Still, there was the promise of a different oriental restaurant to try afterwards, Singapore Garden, a result of Janie’s research. Plus the fact that the play was billed as a short one; 90 minutes without an interval.
Janie’s spirits were further dampened when we took our seats, as a group of four people asked us to budge along our row to the end. At first Janie simply said no, so they split their group around us. Frankly, I couldn’t understand why they hadn’t gone to the other side where there were at least two blocks big enough for their group. Still, I told Janie that I thought she had responded rather abruptly, so Janie relented and we ended up tucked in the corner. “They didn’t even say thank you and I’m stuck with a lousy view,” fumed Janie.
After a while, I turned to the gentleman next to me and arranged for us to sit more centrally while they took the four corner seats, which seemed fairer in the circumstances. One woman in front of us turned round and said to Janie, “good on you; I hate it when people badger me like that.” Oh for the relative simplicity of allocated seats.
Anyway, it turned out that this was a really good play/production. The set is simple but clever, as furniture representing different locations get tucked away into the walls of other locations; not original but well done in this play. The acting from all four was excellent.
The plot satisfying enough. We aren’t really made to dig too deep into the moral dilemmas around conscience-salving donors, but there is enough intrigue, love interest and moral uncertainty to keep you guessing and to make you think.

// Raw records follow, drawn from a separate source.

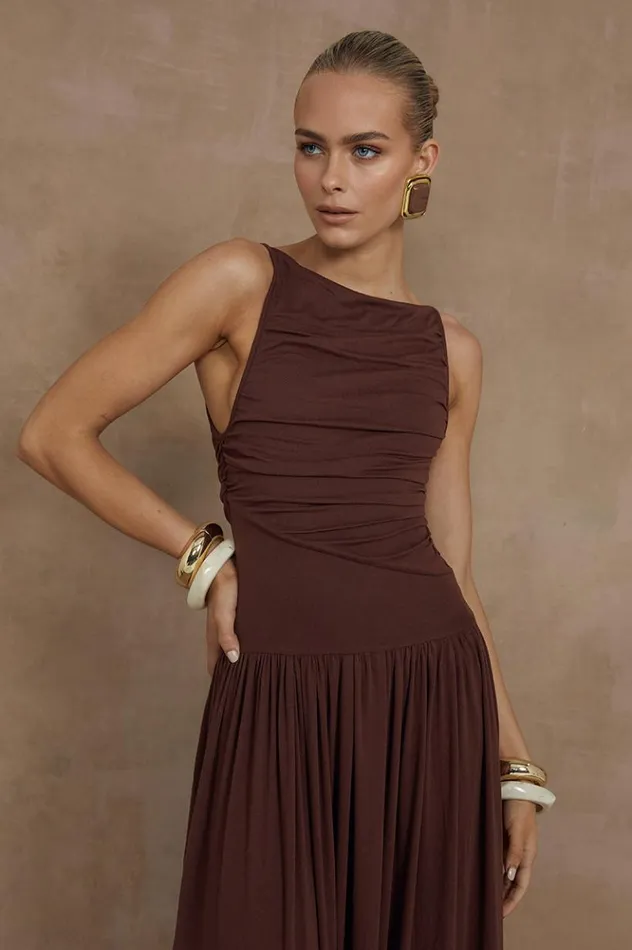 Women Maxi Dresses Runaway The Label NALLA MAXI DRESS Brown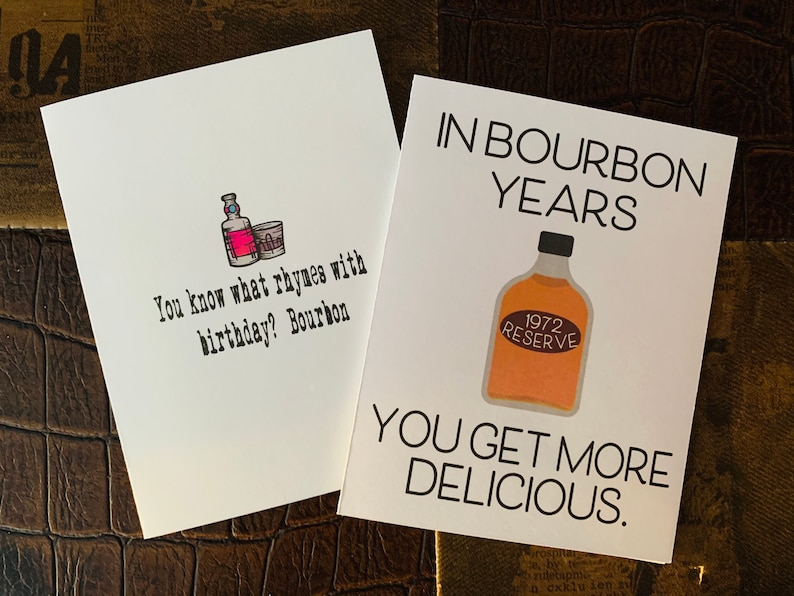 Bourbon Lover Birthday Card Bourbon Greeting Cards for Him Etsy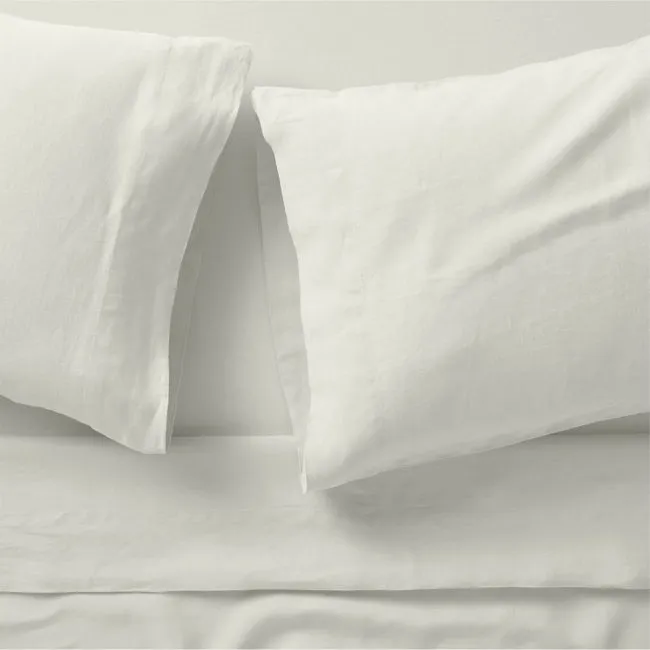 Aire Natural European Linen Pampas Ivory Queen Bed Sheet Set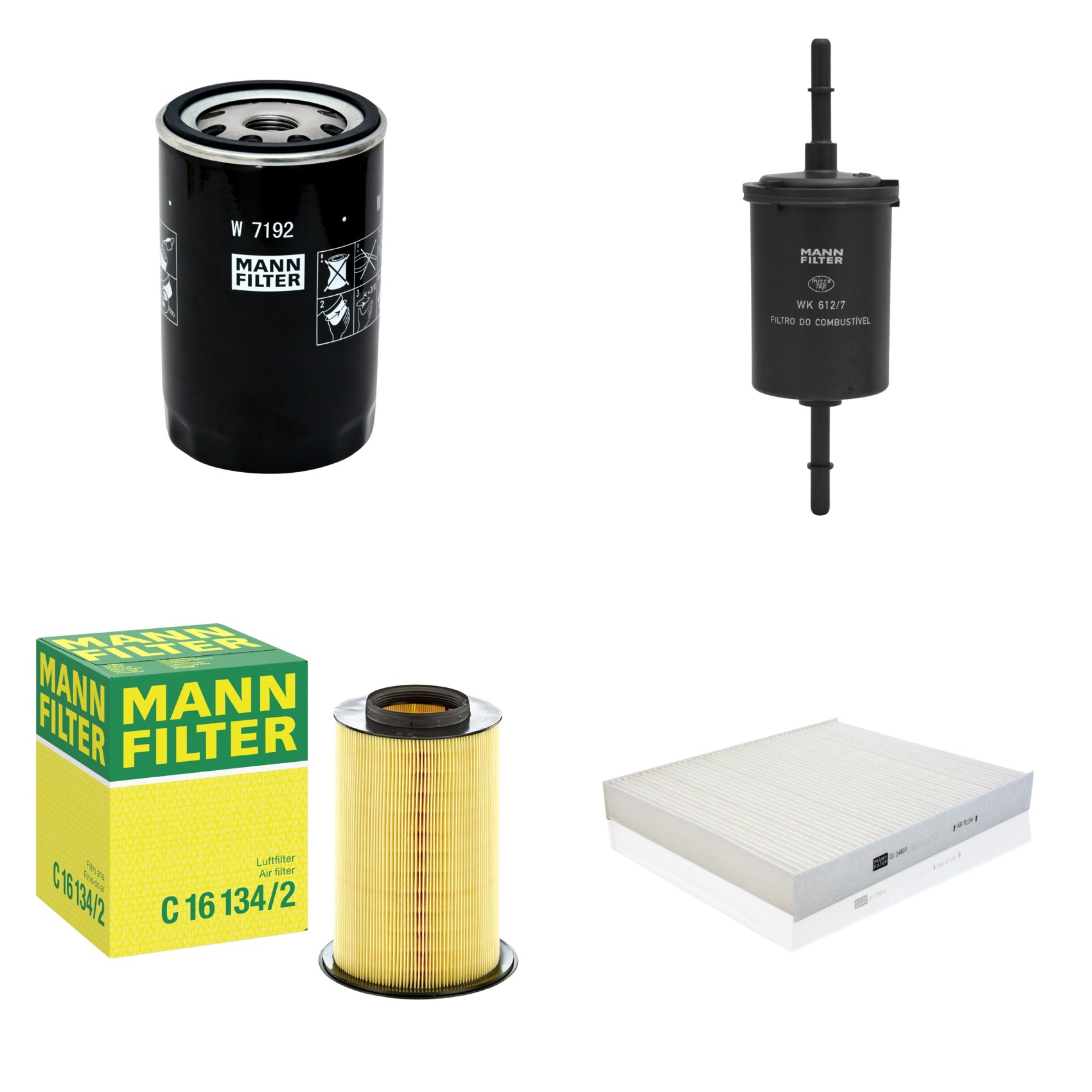 Kit Filtros de Ar Combustível Cabine Ar Condicionado Óleo - Mann-Filter - C16134/2 - CU2440/1 - W7192 - WK612/7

Well worth the 90 minutes and the modest price for tickets downstairs. We continue to see the Hampstead Downstairs as a gem of a place with a terrific hit rate from our point of view.
Downstairs productions don’t get formal reviews, of course, but it is covered well on monkeymatterstheatre.com, also on the oughttobeclowns blogspot. The latter points out how very special Sinéad Matthews is as an up and coming actress. We first spotted her more than 10 years ago, in The Wild Duck at the Donmar, when she was but a nipper.
Later, to add compliment to remedy, we thoroughly enjoyed our Singapore Garden dinner. Where has that place been all our lives? Well, it’s been in Swiss Cottage/South Hampstead for some while I gather.